__What needs to be done__
Since the records include pictures, leave those out while you reproduce exactly and only the lines from the one containing "新作ポケモンパンのシールが集" through the one containing "nagareyama221128", inclusive.

::: Dataset extract :::

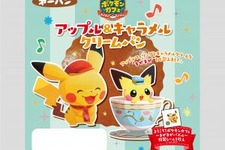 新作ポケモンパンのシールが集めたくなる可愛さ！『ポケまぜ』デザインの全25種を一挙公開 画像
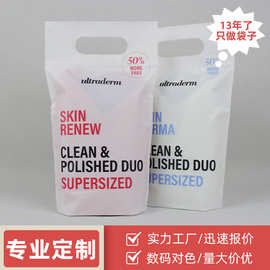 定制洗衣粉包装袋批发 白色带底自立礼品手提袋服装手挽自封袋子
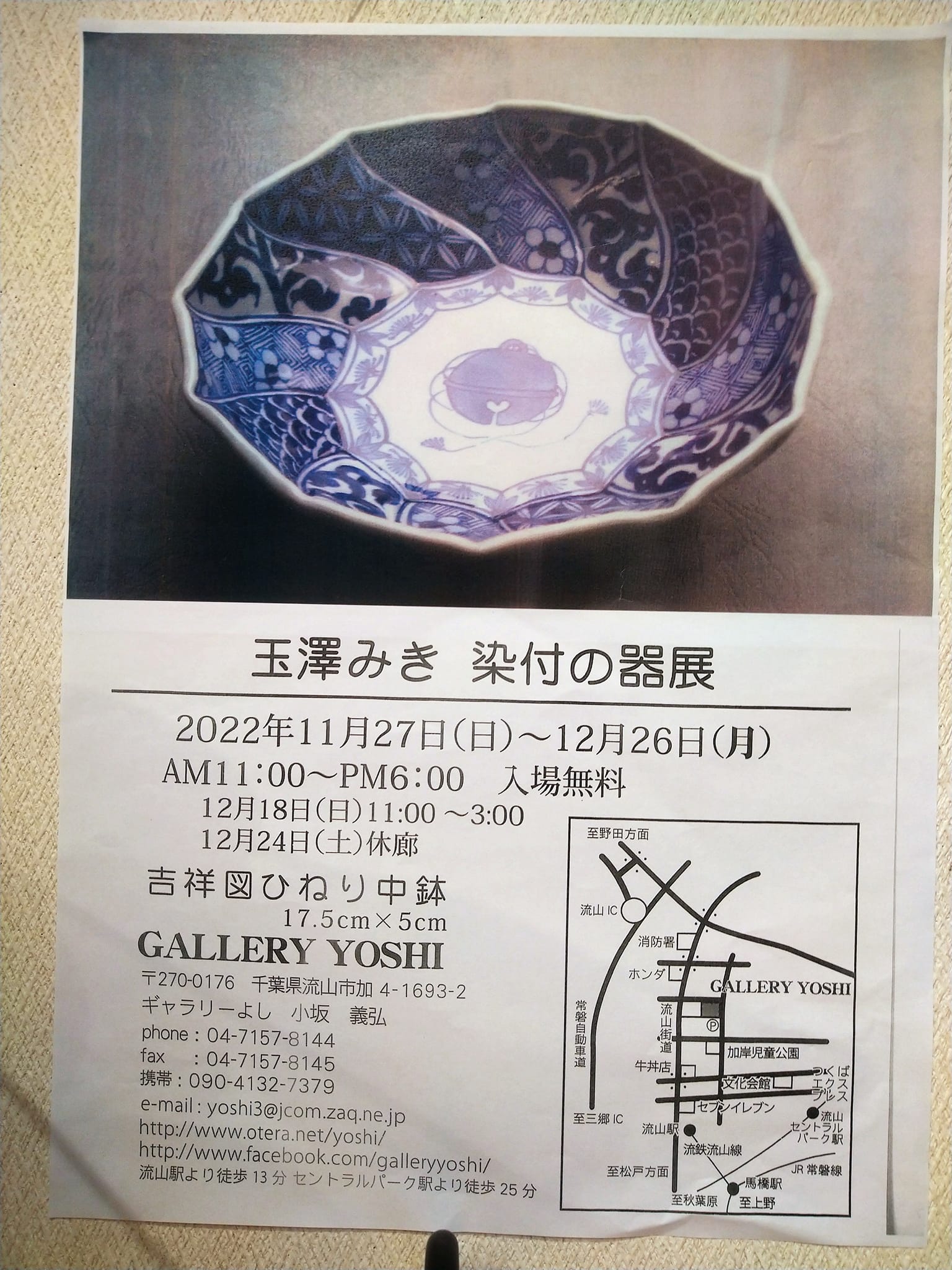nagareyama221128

:::
::: Dataset extract :::

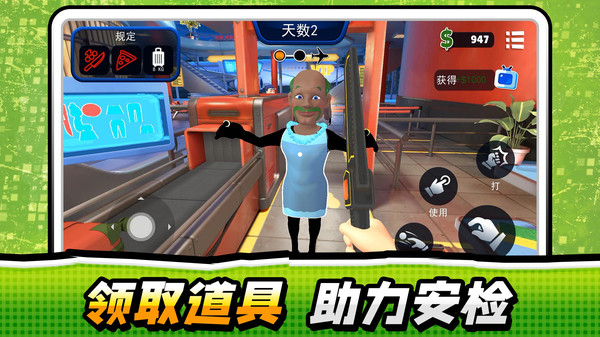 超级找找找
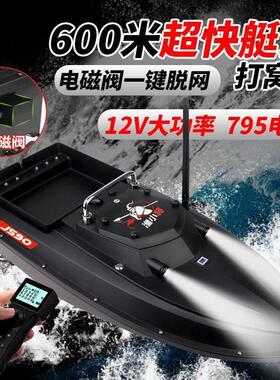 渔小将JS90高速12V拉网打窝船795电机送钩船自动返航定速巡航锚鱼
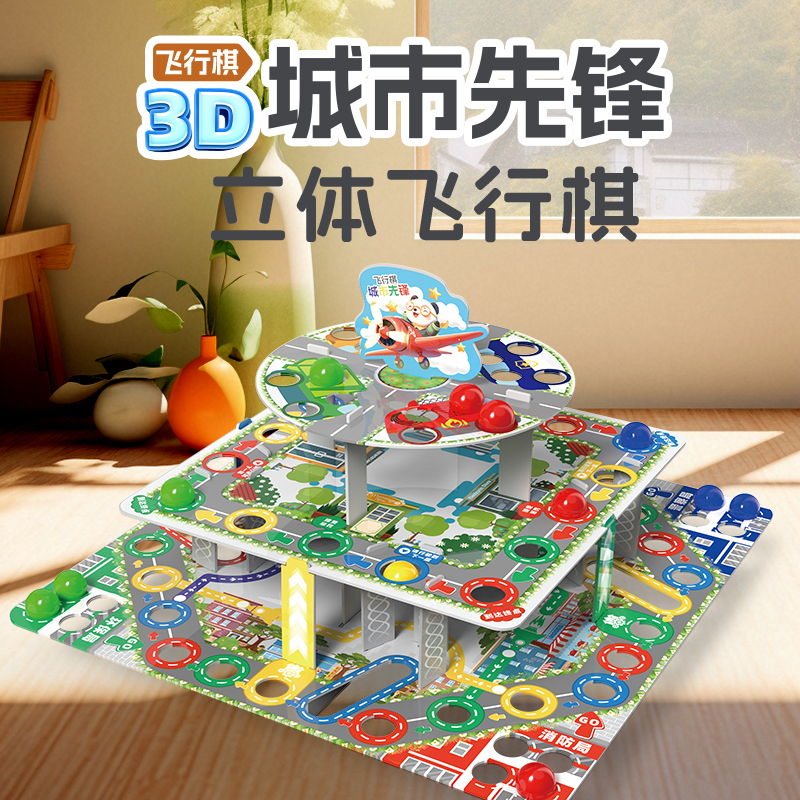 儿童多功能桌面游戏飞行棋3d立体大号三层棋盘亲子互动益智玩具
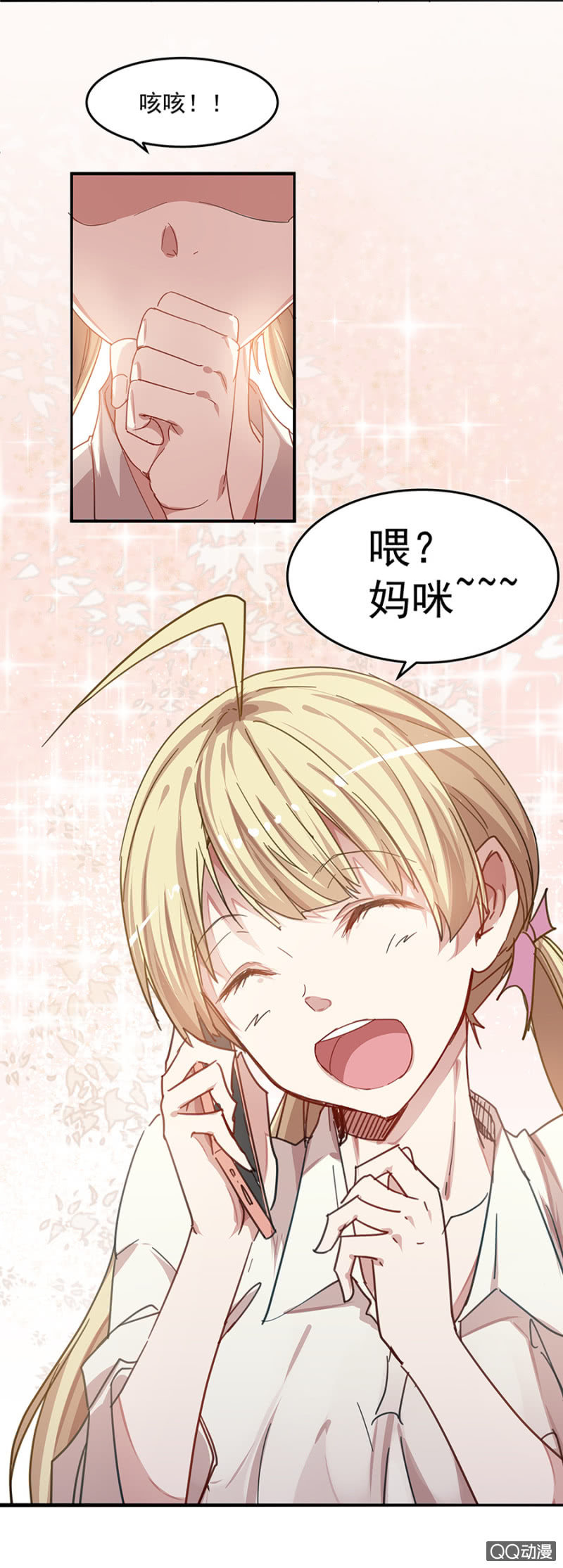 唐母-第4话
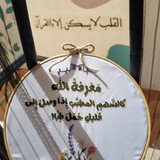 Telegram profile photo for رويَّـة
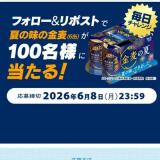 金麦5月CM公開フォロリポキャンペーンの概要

:::
::: Dataset extract :::

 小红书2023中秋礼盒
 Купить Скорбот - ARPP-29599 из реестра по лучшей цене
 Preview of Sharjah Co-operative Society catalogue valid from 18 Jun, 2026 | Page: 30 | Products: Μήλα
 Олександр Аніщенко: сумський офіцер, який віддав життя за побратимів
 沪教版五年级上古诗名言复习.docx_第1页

:::

__Answer for the task__
 新作ポケモンパンのシールが集めたくなる可愛さ！『ポケまぜ』デザインの全25種を一挙公開 画像
 定制洗衣粉包装袋批发 白色带底自立礼品手提袋服装手挽自封袋子
nagareyama221128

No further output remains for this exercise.